*** Block opens ***

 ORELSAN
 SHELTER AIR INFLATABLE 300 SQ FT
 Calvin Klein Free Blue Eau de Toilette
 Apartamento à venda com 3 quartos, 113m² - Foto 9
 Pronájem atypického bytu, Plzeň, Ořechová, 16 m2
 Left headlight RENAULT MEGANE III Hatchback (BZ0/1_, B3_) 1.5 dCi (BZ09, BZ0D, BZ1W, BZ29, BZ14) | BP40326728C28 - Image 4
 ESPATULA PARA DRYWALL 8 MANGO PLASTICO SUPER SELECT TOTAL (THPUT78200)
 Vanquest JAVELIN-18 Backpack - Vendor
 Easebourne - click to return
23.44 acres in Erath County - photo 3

*** Block closes ***
*** Block opens ***

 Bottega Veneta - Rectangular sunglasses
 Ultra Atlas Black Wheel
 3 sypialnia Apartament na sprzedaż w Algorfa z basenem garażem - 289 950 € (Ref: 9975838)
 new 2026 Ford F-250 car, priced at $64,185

*** Block closes ***

* [WHAT THE TASK REQUIRES] The required answer is the run of lines above, starting at the line with "Pronájem atypického bytu, Plzeň, Ořechová, 16" and ending at the line with "23.44 acres in Erath County - photo 3", reproduced exactly with both ends.

* [RESULT FOR THIS TASK]
 Pronájem atypického bytu, Plzeň, Ořechová, 16 m2
 Left headlight RENAULT MEGANE III Hatchback (BZ0/1_, B3_) 1.5 dCi (BZ09, BZ0D, BZ1W, BZ29, BZ14) | BP40326728C28 - Image 4
 ESPATULA PARA DRYWALL 8 MANGO PLASTICO SUPER SELECT TOTAL (THPUT78200)
 Vanquest JAVELIN-18 Backpack - Vendor
 Easebourne - click to return
23.44 acres in Erath County - photo 3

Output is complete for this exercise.